The United States is escalating pressure on Iraq's government to sever ties with Iran-backed militia groups, citing more than 600 attacks against American diplomatic facilities since the Israel-Hamas war began. The Biden administration has moved beyond warnings into enforcement, sanctioning Iraqi officials and oil companies it says are funneling resources to Tehran-aligned forces.
The Baghdad Diplomatic Support Center, a logistics hub for U.S. diplomats, has absorbed repeated drone strikes including one in mid-March. The U.S. Embassy itself was hit by fire in March. As recently as Tuesday, the embassy issued a stark warning to Americans to leave Iraq, stating that militia groups "continue to plot additional attacks against U.S. citizens and targets associated with the United States throughout Iraq."
On Thursday, the State Department sanctioned Iraq's Deputy Minister of Oil Ali Maarij al-Bahadly, accusing him of abusing his position to divert Iraqi crude to support Iran's regime. According to State Department spokesman Tommy Pigott, Iraqi oil was mixed with Iranian oil and sold for Iran's benefit. The sanctions also targeted oil sector companies that support militia operations.
The enforcement action reflects deepening frustration with what U.S. officials describe as a blurred boundary between Iraq's state institutions and Iran-aligned militants. A senior State Department official told reporters Tuesday that "there is a very blurry line right now between the Iraqi state and these militias," adding that certain Iraqi government elements continue providing political, financial, and operational support to the groups.

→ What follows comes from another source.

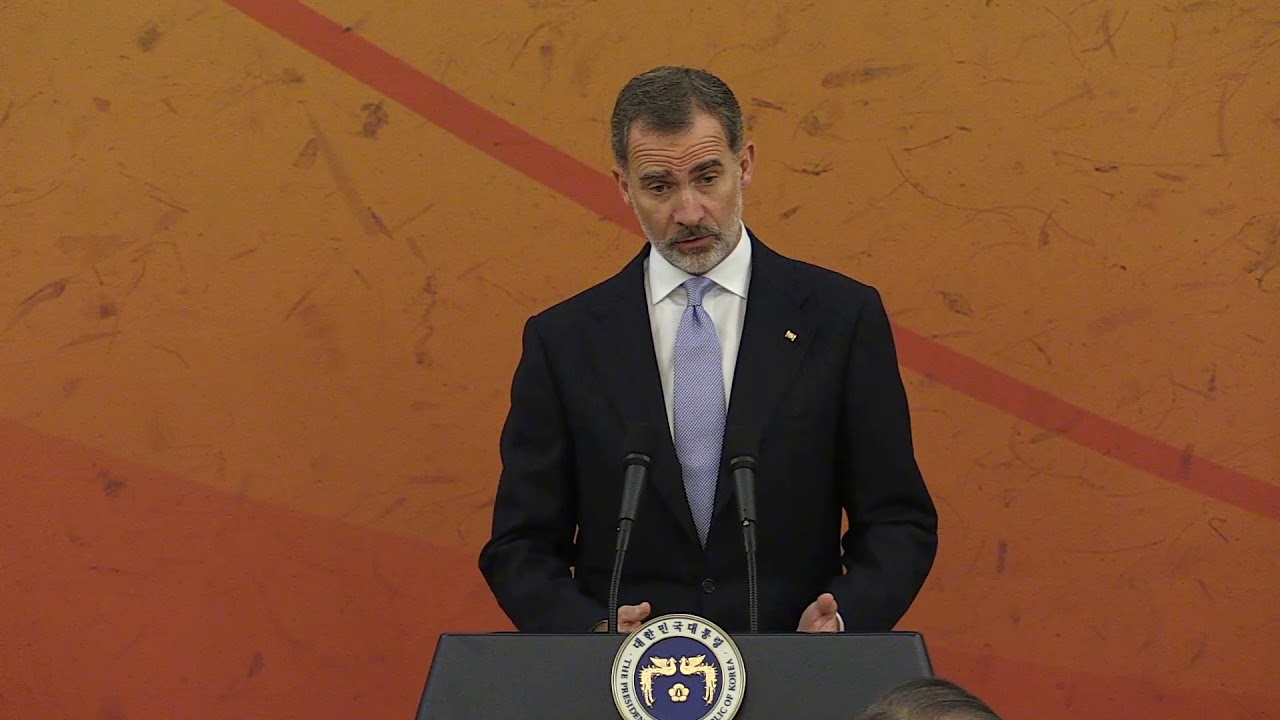 Discurso de S.M. el Rey en la cena oficial. Viaje de Estado a la Rep&uacute;blica de Corea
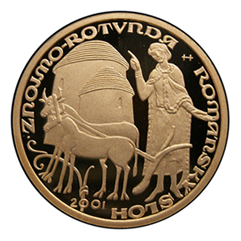 Zlatá pamětní mince Rotunda ve Znojmě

Trump has personally weighed in, posting on social media last week about newly elected Prime Minister-designate Ali al-Zaidi, wishing him "success as he works to form a new Government free from terrorism that could deliver a brighter future for Iraq." In April, Deputy Secretary of State Landau summoned Iraqi Ambassador Nizar Khirullah to Washington and condemned the hundreds of attacks, emphasizing that the U.S. "expects the Iraqi government to immediately take all measures to dismantle the Iran-aligned militia groups in Iraq."

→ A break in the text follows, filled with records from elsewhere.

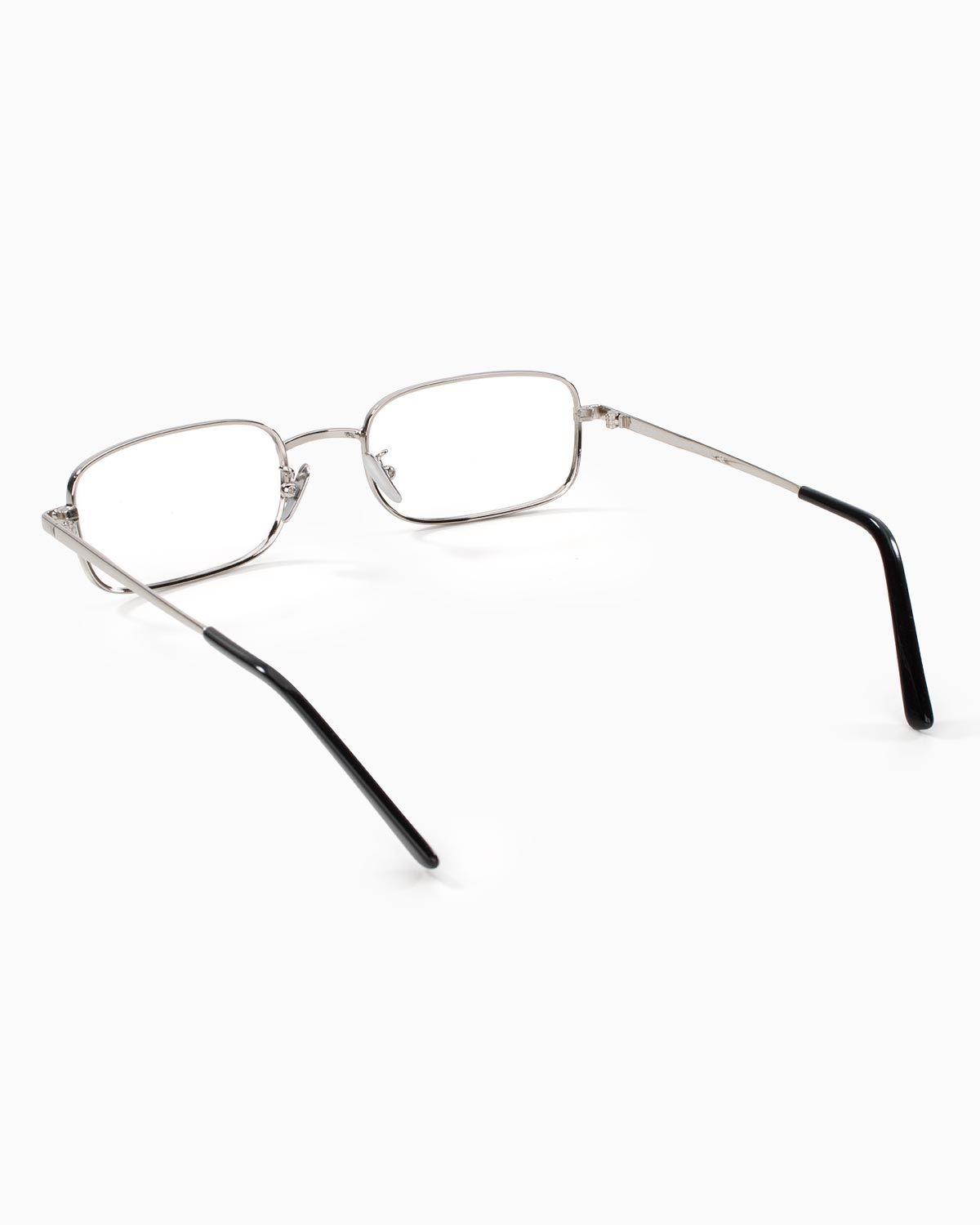 ME & JOE Luca silver optical glasses – rear three-quarter view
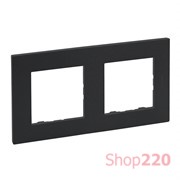 Рамка 2 поста, антрацит, Niloe Step Legrand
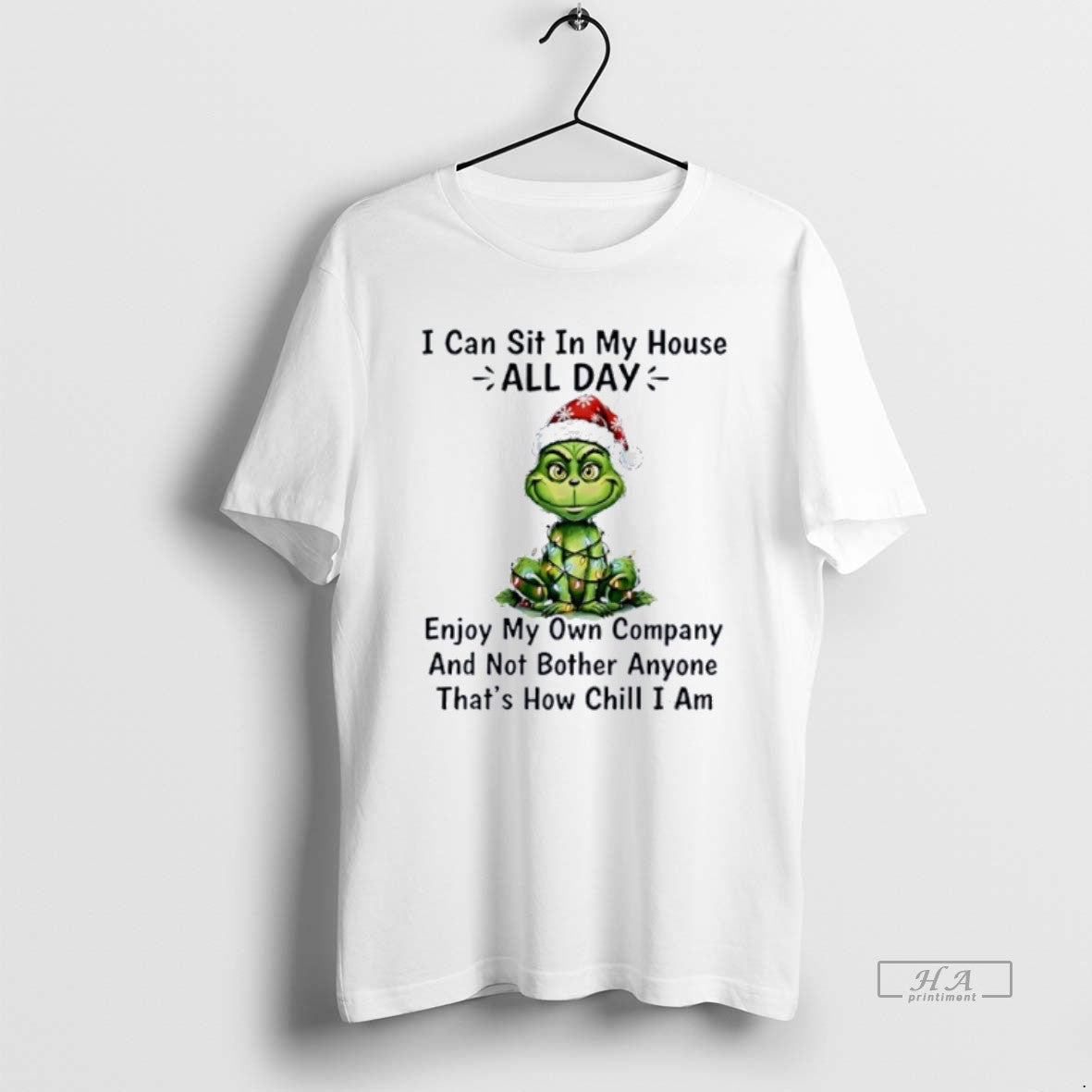 Official Grinch I Can Sit My House All Day Enjoy My Own Company T-Shirts, Hoodie, Sweatshirt - T-Shirt, Sweatshirt, Hoodie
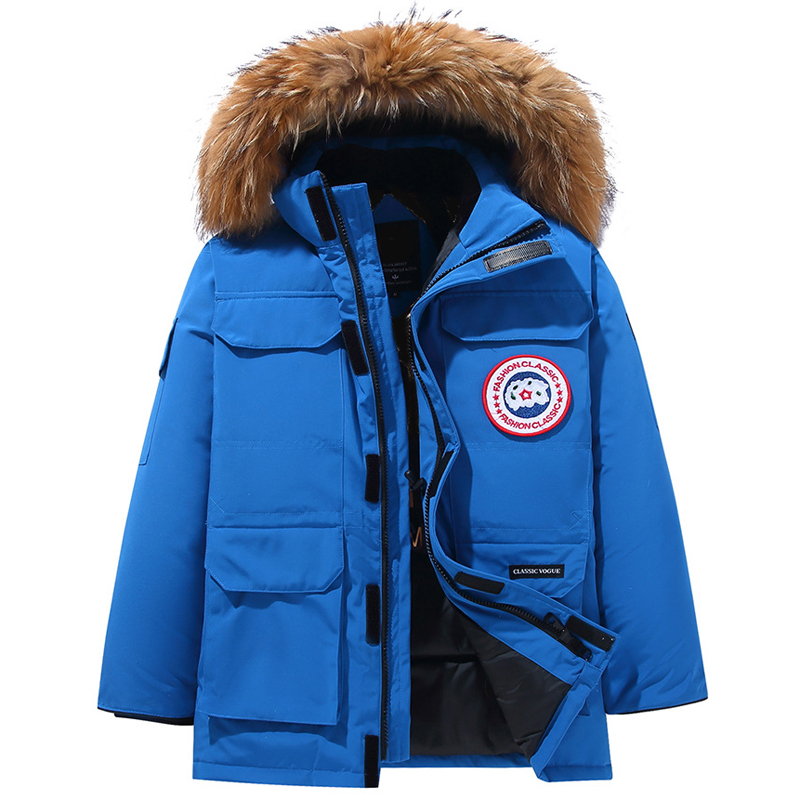 08远征Fire Goose华鹅牌羽绒服工装加拿大派克大衣白鸭绒厚外套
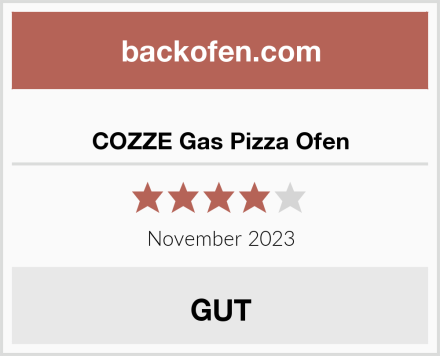  COZZE Gas Pizza Ofen Test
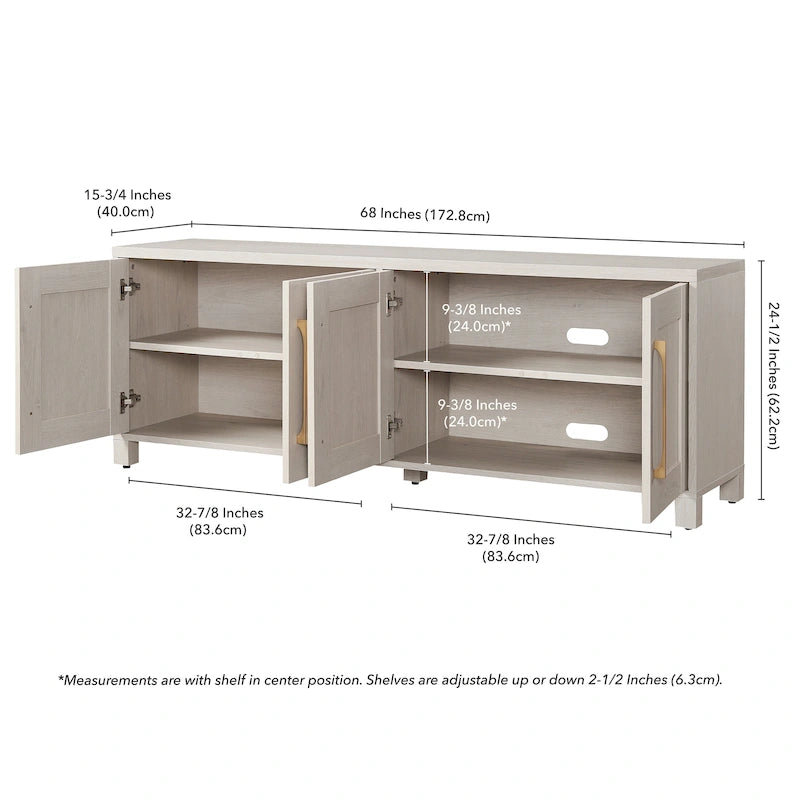 Chabot Rectangular TV Stand for TV's up to 75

The core challenge involves the Popular Mobilization Force, an Iraqi state security organization that was formally integrated into Iraq's national security forces. Originally formed in 2014 as an umbrella group of Shiite militias fighting the Islamic State with Iranian backing, the PMF has now become a fixture within Iraq's national security apparatus. That makes any purge both strategically complex and politically fraught.
State Department officials acknowledge the difficulty. "The U.S. does not underestimate the severity of the challenge or what it would take to disentangle these relationships," the senior official said, suggesting that concrete action from Baghdad would mean expelling militias, cutting off their funding, and denying government payments to militia members.

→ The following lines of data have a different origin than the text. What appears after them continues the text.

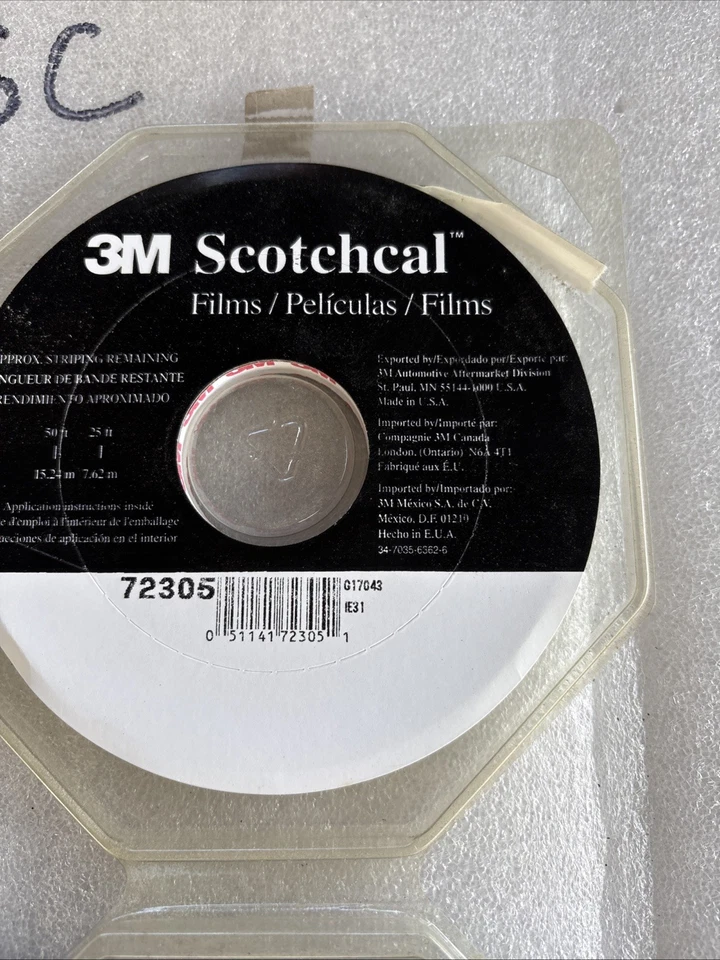 3M 72305 Pinstripe Tape 5/16” x 150’ Soft Silver Metallic Fits Auto RV Trim - Image 4 of 4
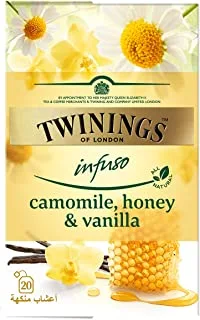Twinings camomile with honey and vanilla infusion tea, 20 tea bags - pack of 1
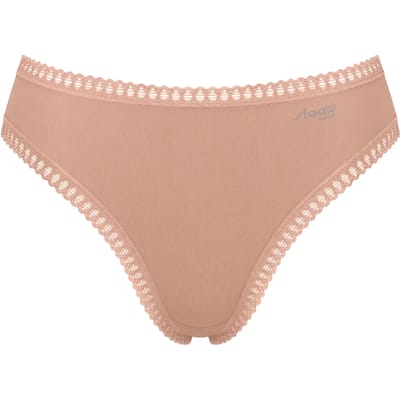 Sloggi Women GO Crush High leg (3-pack) - dames slip - beige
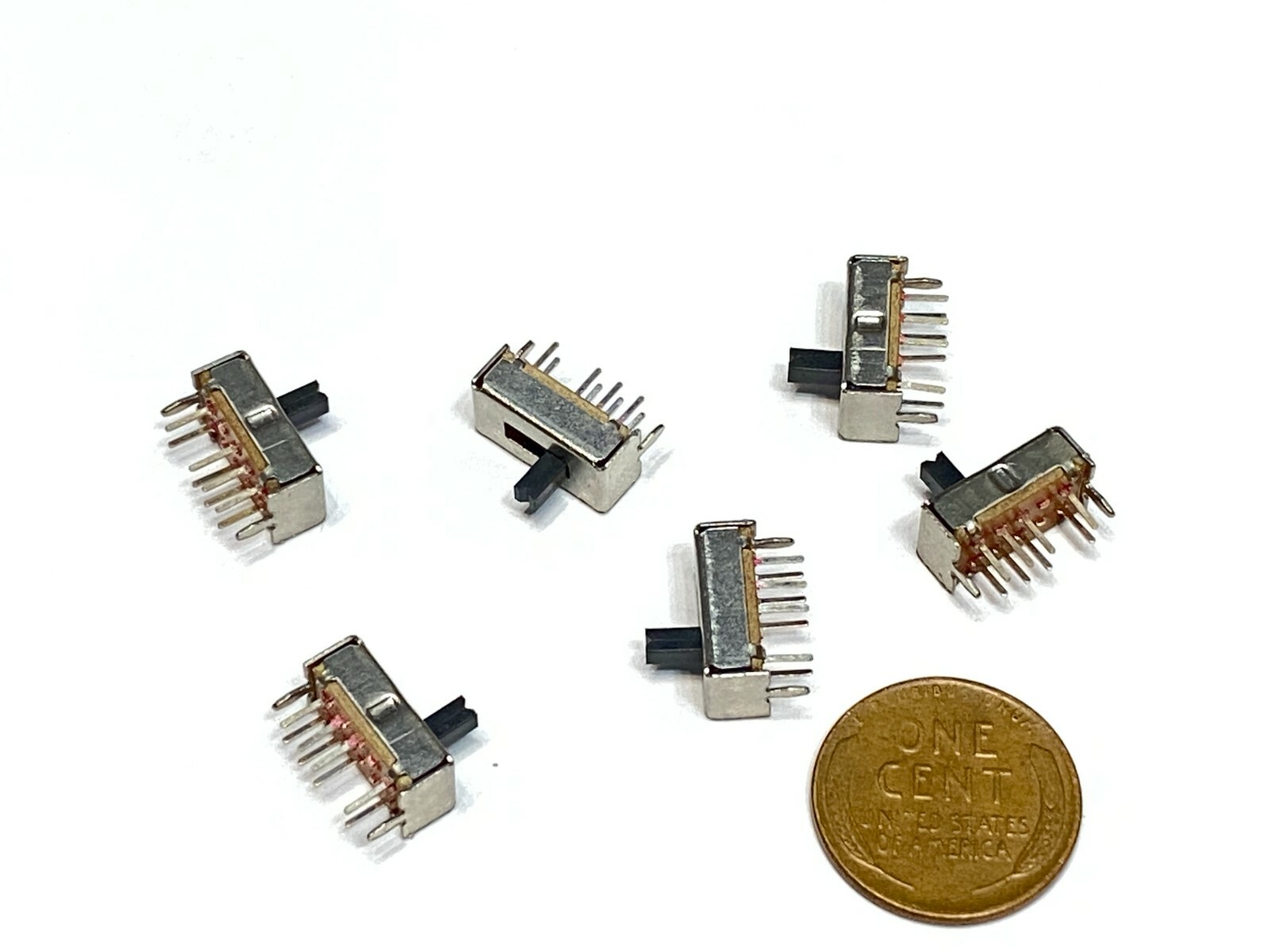 6 x SS23D07 8 PINS 3 Position 2P3T Toggle Switch Slide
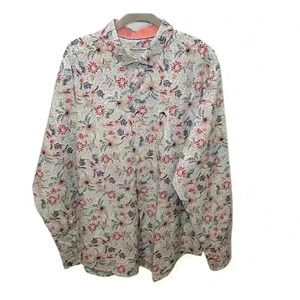 Tommy Bahama The Newport Coast Hawaiian Floral All Over Print Mens Size Large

The White House is no longer accepting rhetoric from Iraqi leaders. The official stressed that al-Zaidi understands the U.S. is looking for "action, not words." One proposal floated internally is a "clear and unambiguous statement of policy that the terrorist militias are not part of the Iraqi state," which could mark the beginning of institutional separation.
Iraq's embassy in Washington did not respond to requests for comment on the sanctions or the broader U.S. demands.
Author Sarah Mitchell: "The U.S. is learning the hard way that sanctioning individual Iraqi officials may not move the needle if militias remain structurally embedded in Baghdad's security forces."